**Directions for this task:** Print out the records below with nothing altered.
*** Opening of Data provided ***
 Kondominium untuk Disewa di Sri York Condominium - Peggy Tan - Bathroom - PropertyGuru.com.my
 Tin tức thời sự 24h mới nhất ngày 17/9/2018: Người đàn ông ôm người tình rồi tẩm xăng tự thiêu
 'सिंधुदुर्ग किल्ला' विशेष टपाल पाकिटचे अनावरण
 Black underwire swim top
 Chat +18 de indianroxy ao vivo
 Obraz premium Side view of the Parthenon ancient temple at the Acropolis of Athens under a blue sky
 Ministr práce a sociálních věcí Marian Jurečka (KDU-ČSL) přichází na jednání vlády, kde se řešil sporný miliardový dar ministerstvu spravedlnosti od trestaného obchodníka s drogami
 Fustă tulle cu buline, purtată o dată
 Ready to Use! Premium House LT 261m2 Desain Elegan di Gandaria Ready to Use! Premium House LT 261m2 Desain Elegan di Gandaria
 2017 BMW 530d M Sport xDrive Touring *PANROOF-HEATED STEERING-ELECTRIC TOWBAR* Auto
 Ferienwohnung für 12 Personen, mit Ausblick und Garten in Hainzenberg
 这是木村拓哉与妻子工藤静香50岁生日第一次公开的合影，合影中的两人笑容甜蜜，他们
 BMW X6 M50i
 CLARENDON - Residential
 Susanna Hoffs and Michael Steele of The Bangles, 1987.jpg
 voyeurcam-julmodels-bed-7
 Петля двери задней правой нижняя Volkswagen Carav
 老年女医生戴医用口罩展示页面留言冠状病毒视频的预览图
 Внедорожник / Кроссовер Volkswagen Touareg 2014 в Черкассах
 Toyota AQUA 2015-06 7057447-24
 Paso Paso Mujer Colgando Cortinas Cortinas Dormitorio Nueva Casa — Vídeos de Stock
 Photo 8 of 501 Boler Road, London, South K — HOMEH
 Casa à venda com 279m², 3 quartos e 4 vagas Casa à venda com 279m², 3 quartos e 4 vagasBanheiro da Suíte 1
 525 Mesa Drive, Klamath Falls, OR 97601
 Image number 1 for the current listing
*** Close of Data provided ***
**Task answer:**
 Kondominium untuk Disewa di Sri York Condominium - Peggy Tan - Bathroom - PropertyGuru.com.my
 Tin tức thời sự 24h mới nhất ngày 17/9/2018: Người đàn ông ôm người tình rồi tẩm xăng tự thiêu
 'सिंधुदुर्ग किल्ला' विशेष टपाल पाकिटचे अनावरण
 Black underwire swim top
 Chat +18 de indianroxy ao vivo
 Obraz premium Side view of the Parthenon ancient temple at the Acropolis of Athens under a blue sky
 Ministr práce a sociálních věcí Marian Jurečka (KDU-ČSL) přichází na jednání vlády, kde se řešil sporný miliardový dar ministerstvu spravedlnosti od trestaného obchodníka s drogami
 Fustă tulle cu buline, purtată o dată
 Ready to Use! Premium House LT 261m2 Desain Elegan di Gandaria Ready to Use! Premium House LT 261m2 Desain Elegan di Gandaria
 2017 BMW 530d M Sport xDrive Touring *PANROOF-HEATED STEERING-ELECTRIC TOWBAR* Auto
 Ferienwohnung für 12 Personen, mit Ausblick und Garten in Hainzenberg
 这是木村拓哉与妻子工藤静香50岁生日第一次公开的合影，合影中的两人笑容甜蜜，他们
 BMW X6 M50i
 CLARENDON - Residential
 Susanna Hoffs and Michael Steele of The Bangles, 1987.jpg
 voyeurcam-julmodels-bed-7
 Петля двери задней правой нижняя Volkswagen Carav
 老年女医生戴医用口罩展示页面留言冠状病毒视频的预览图
 Внедорожник / Кроссовер Volkswagen Touareg 2014 в Черкассах
 Toyota AQUA 2015-06 7057447-24
 Paso Paso Mujer Colgando Cortinas Cortinas Dormitorio Nueva Casa — Vídeos de Stock
 Photo 8 of 501 Boler Road, London, South K — HOMEH
 Casa à venda com 279m², 3 quartos e 4 vagas Casa à venda com 279m², 3 quartos e 4 vagasBanheiro da Suíte 1
 525 Mesa Drive, Klamath Falls, OR 97601
 Image number 1 for the current listing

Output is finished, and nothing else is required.